### WORK INSTRUCTIONS
Your answer must be the full listing below, repeated exactly, with no pictures in it.

### COLLECTED DATA
_ _ _ _

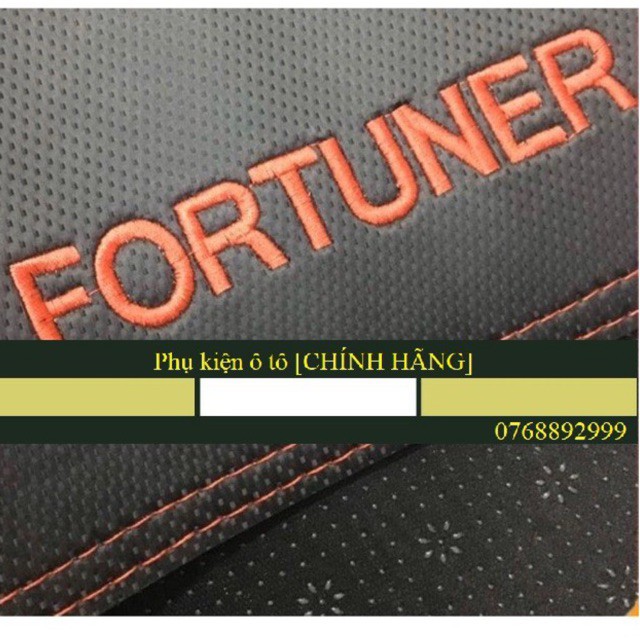 Fortuner, thảm taplo da vân carbon chống nóng toyota Fortuner 2017-2020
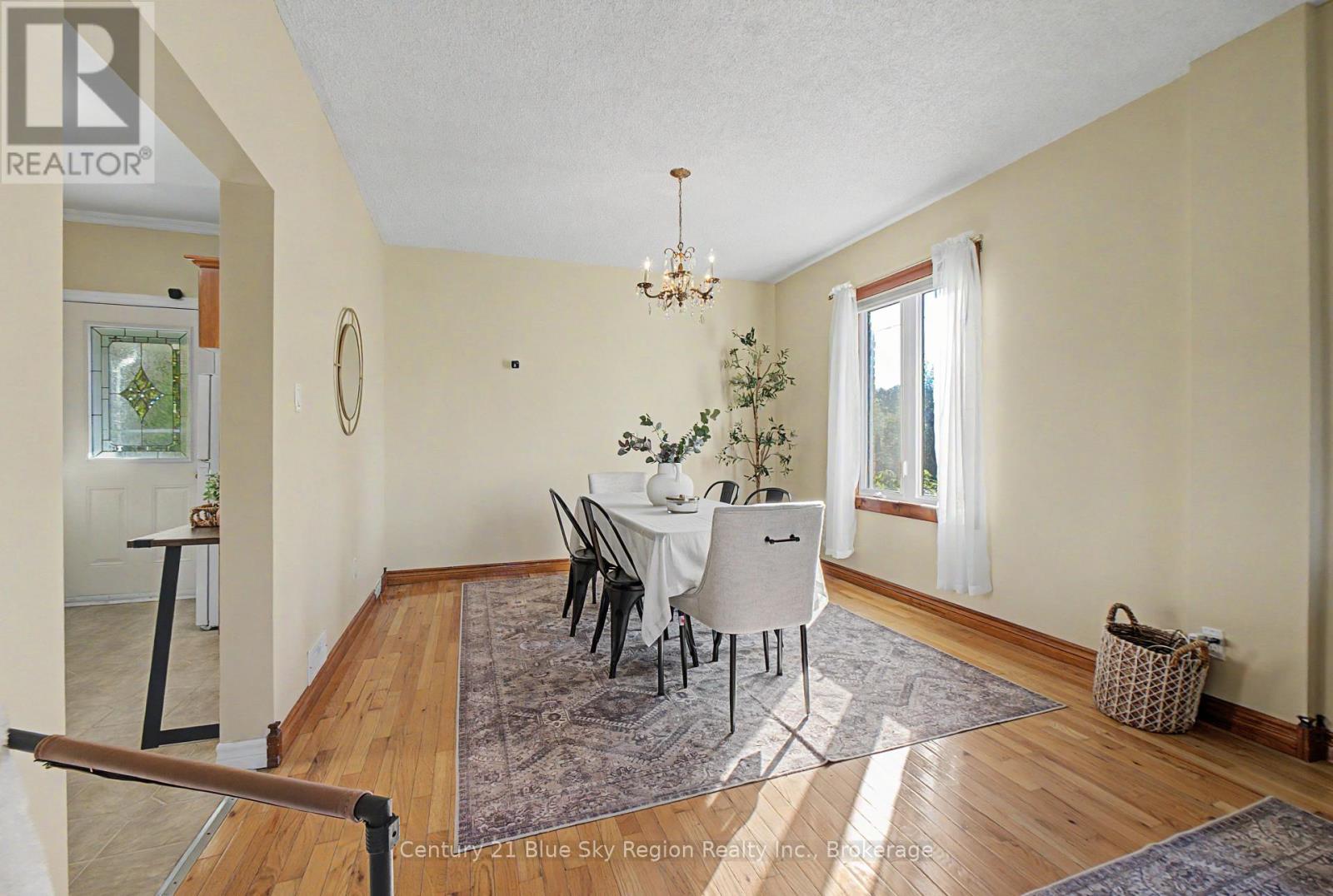 496 First Avenue E, North Bay, Ontario  P1B 1K3 - Photo 8 - X13752444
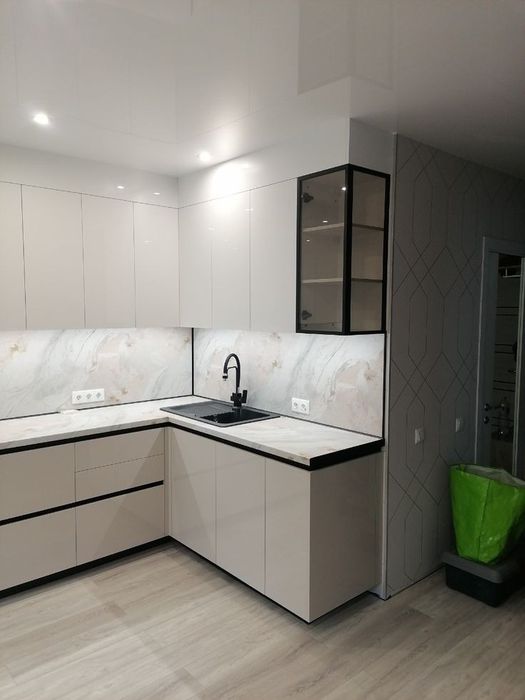 Соврименый кухный мебель  на заказ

_ _ _ _

### ANSWER AREA
 Fortuner, thảm taplo da vân carbon chống nóng toyota Fortuner 2017-2020
 496 First Avenue E, North Bay, Ontario  P1B 1K3 - Photo 8 - X13752444
 Соврименый кухный мебель  на заказ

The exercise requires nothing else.